##### Records to process #####
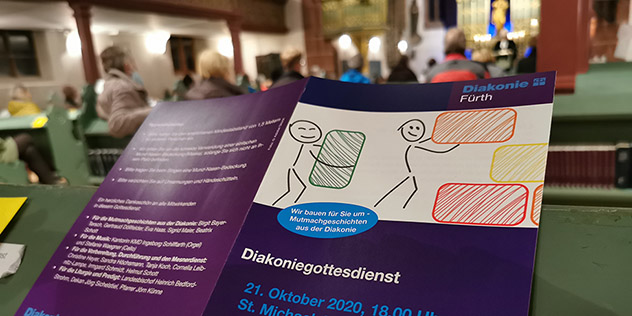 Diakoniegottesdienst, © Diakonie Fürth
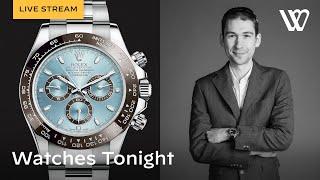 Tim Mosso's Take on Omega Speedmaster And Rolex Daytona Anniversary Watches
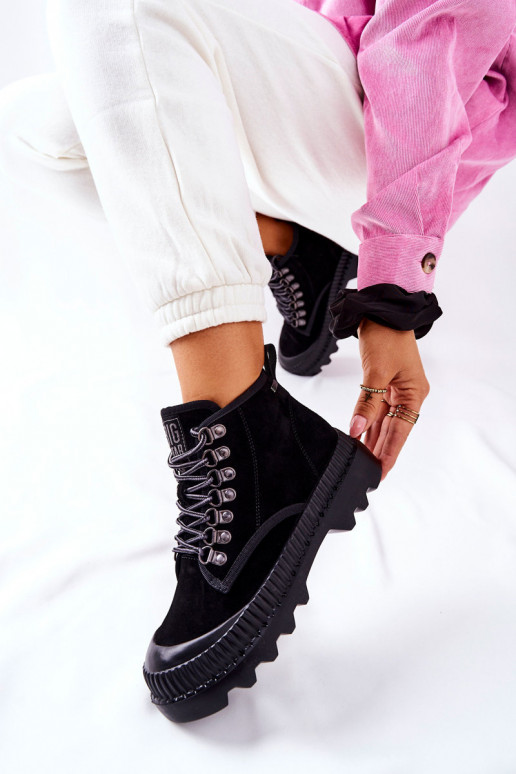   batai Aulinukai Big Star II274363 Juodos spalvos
#####
##### Records to process #####
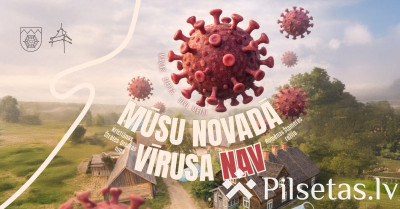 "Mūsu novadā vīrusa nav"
#####
Goal of the exercise:
Write back the stretch of lines above that begins with the line holding "Tim Mosso's Take" and ends with the line holding "batai Aulinukai Big", both included, exactly as written. Pictures stay out.

Exercise result:
 Tim Mosso's Take on Omega Speedmaster And Rolex Daytona Anniversary Watches
   batai Aulinukai Big Star II274363 Juodos spalvos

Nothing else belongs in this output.